Closed swazrgb closed 6 months ago

swazrgb commented 6 months ago

Scripts can assign numbers and entities using literal numbers & strings:

let num: Value = 10;
let id: Value = "c_battery";

Entity & number pairs can be assigned using the value builtin function, or as a casted object.

let pair1 = value("c_battery", 10);
let pair2 = {
  id: "c_battery",
  num: 10
} as ItemNum;

Coordinates can be assigned using the coord builtin function, or as a casted 2-element number array.

let coord1 = coord(10, 20);
let coord2 = [10, 20] as Coord;

One drawback of the new typing system is that arthimetrics aren't allowed by default, and the Value type has to be coerced to a number first. Fortunately this is easy to do:

let v: Value = "c_battery";
v = +v + +v; // prefix with +
v = v as number + 1; // cast
v = 1 + v; // reverse the expression if adding a constant
swazrgb commented 6 months ago

@ribrdb ping

I've tried various alternatives since, mostly to work around having to write const v: Value = +v + +v for math, but nothing works well while still allowing literals such as "c_battery" or 5 to be assigned to Value typed variables: const v: Value = 5.

The best alternative would be requiring the usage of the value function in all cases, so const v: Value = value("c_battery") or const v: Value = value(5)

ribrdb commented 6 months ago

I've tried various alternatives since, mostly to work around having to write const v: Value = +v + +v for math, but nothing works well while still allowing literals such as "c_battery" or 5 to be assigned to Value typed variables: const v: Value = 5.

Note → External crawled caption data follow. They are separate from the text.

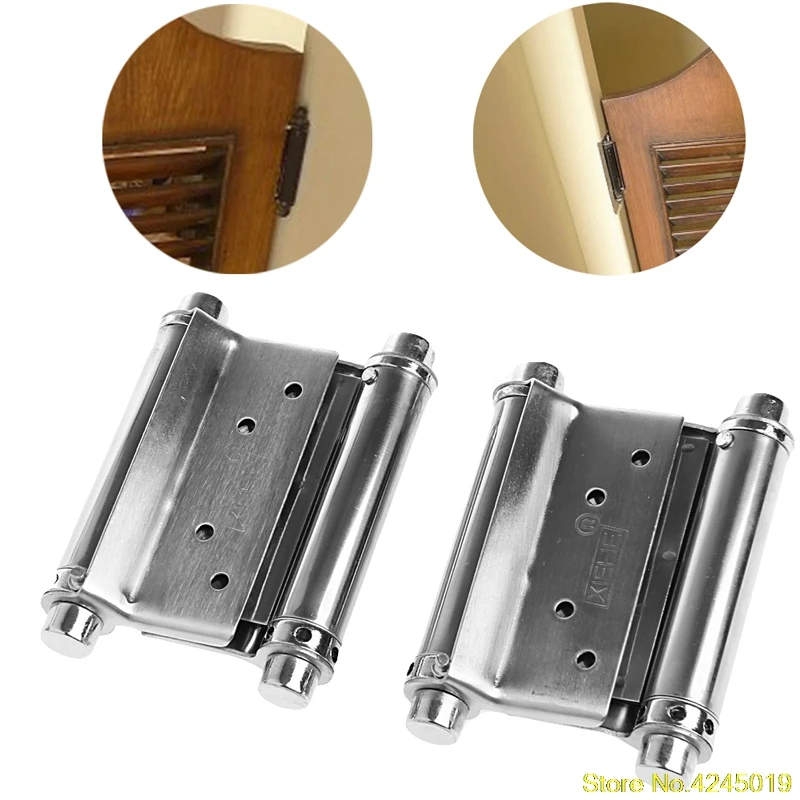 

2018 High Efficiency 2Pcs 3" Inch Stainless Steel Double Action Spring Hinge Saloon Cafe Door Swing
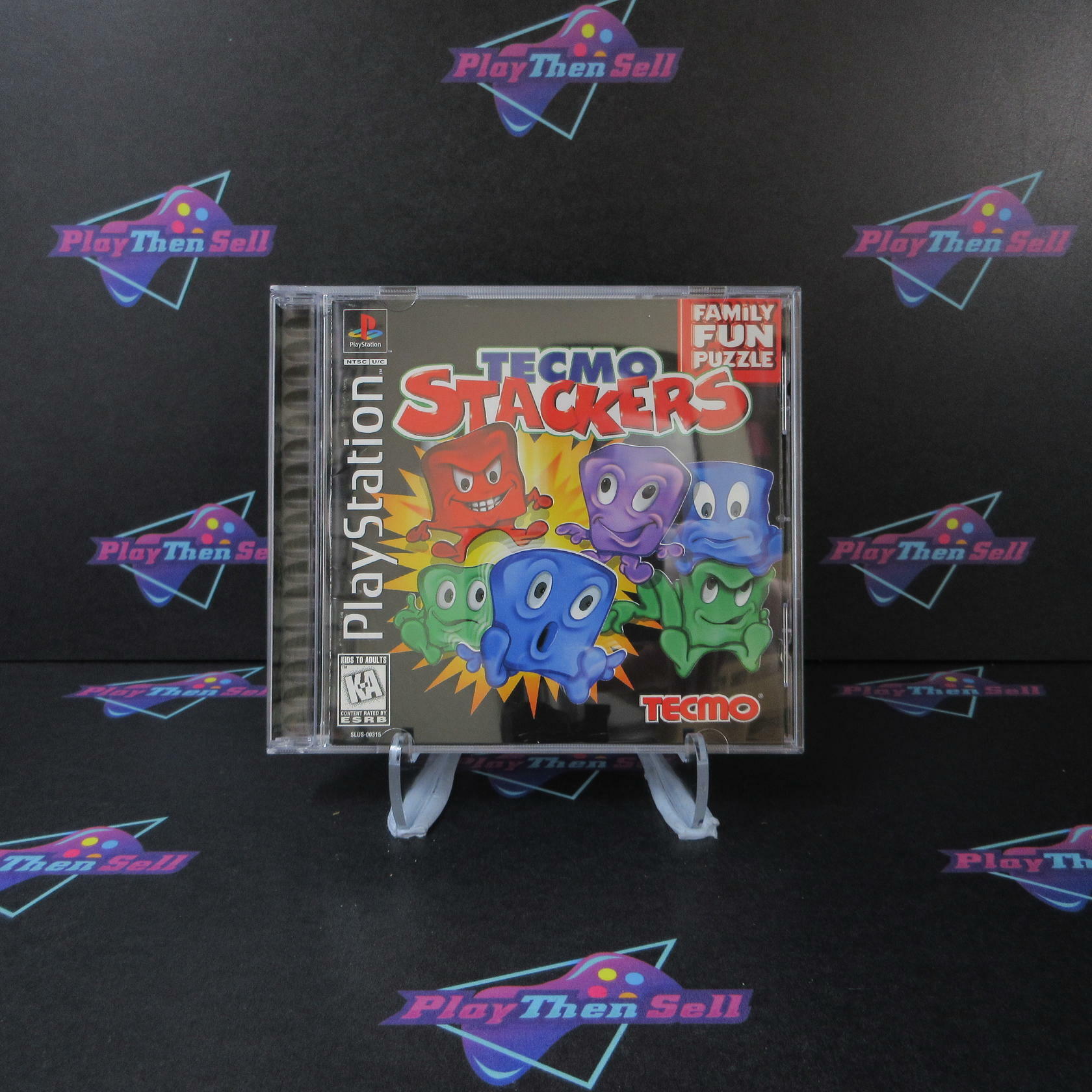 Tecmo Stackers PlayStation 1 PS1 + Reg Card - Like New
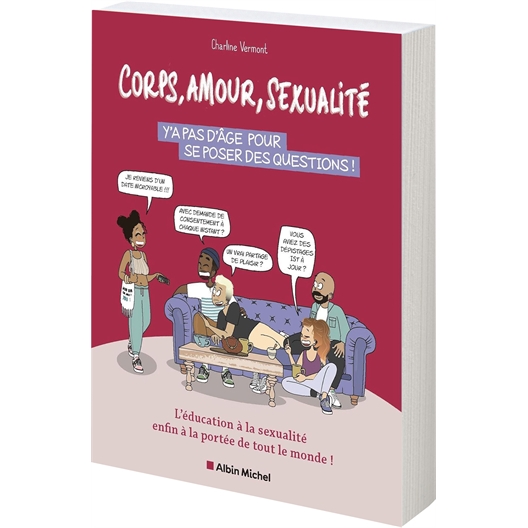 Corps, amour, sexualité, y'a pas d'âge pour se poser des questions : Charline Vermont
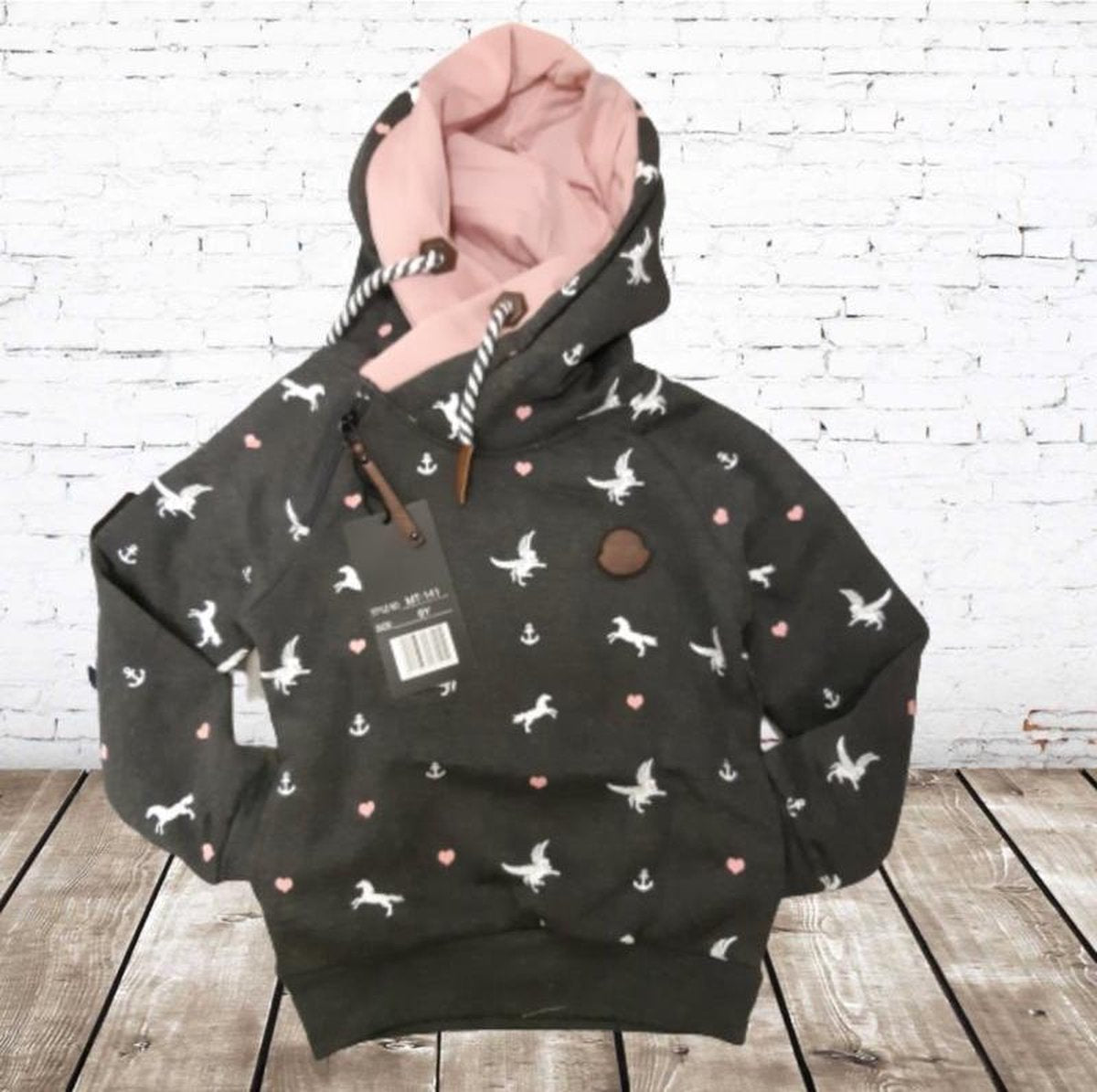 S&C Tui met paardenprint grijs - 98/104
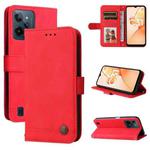 For OPPO Realme C31 Skin Feel Life Tree Metal Button Leather Phone Case(Red)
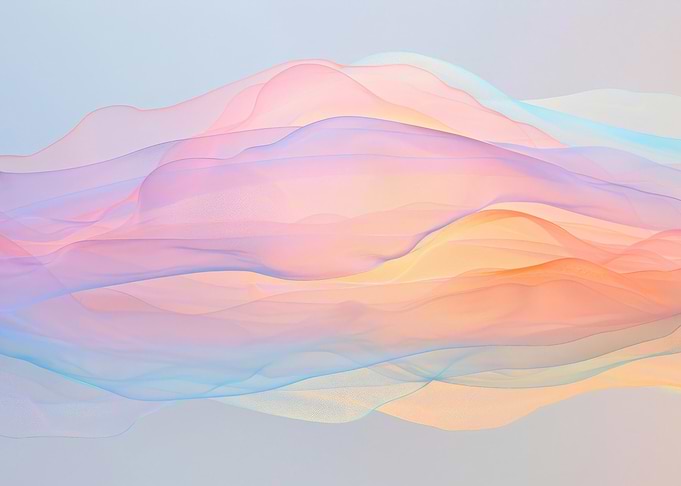 Abstract Pastel Waves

I was thinking of just adding num: number to the BaseVar interface so you could optionally use v = v.num + v.num instead of unary-plus. I haven't tested to see if that would work though.

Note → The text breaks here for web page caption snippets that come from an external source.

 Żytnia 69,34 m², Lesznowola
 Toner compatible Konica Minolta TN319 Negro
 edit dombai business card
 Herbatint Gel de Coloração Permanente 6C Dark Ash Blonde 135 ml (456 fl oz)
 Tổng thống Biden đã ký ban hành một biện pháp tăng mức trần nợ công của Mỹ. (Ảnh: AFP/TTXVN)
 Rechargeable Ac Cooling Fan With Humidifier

The best alternative would be requiring the usage of the value function in all cases, so const v: Value = value("c_battery") or const v: Value = value(5)

Actually I kind of like that

swazrgb commented 6 months ago

I was thinking of just adding num: number to the BaseVar interface so you could optionally use v = v.num + v.num instead of unary-plus. I haven't tested to see if that would work though.

That should work. It feels a bit odd to me to provide a fake property for this. Internally the .num accessor would just be a no-op, existing purely to get the typescript to compile.

Actually I kind of like that

I don't mind it for variable assignments, but it's awkward for function calls. For example having to write entitiesInRange(5, value("v_mineable")) would be unfortunate.

This seems doable to support:

let v: Value; // Declare variable/params as Value
v = 5; // numbers are directly assignable
v = v + 5; // Values & numbers can be used in math as-is
v = value("metalore"); // string assingments must be wrapped in `value` 
v = value("metalore", 5); // NumPairs need the value function as well of course

v = "metalore"; // Not allowed! Must use value("metalore");

entitiesInRange(5, "v_mineable"); // literal strings can be supported as function arguments

I'll give this a go.

swazrgb commented 6 months ago

That was pretty straightforward. Could you please take another look, @ribrdb ?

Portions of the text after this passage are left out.